**DIRECTIONS**
Show each line of the listing in which the word "with" occurs.

**DATA EXTRACTS**

*-*-*

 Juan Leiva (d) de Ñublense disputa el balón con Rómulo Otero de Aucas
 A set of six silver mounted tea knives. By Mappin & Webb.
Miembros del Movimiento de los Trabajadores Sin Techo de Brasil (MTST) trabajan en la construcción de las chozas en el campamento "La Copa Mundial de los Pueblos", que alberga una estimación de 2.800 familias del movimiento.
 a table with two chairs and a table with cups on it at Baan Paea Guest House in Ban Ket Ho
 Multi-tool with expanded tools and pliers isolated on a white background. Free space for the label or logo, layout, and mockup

*-*-*

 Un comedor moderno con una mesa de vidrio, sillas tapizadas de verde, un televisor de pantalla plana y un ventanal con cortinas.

*-*-*

**TASK SOLUTION**
 a table with two chairs and a table with cups on it at Baan Paea Guest House in Ban Ket Ho
 Multi-tool with expanded tools and pliers isolated on a white background. Free space for the label or logo, layout, and mockup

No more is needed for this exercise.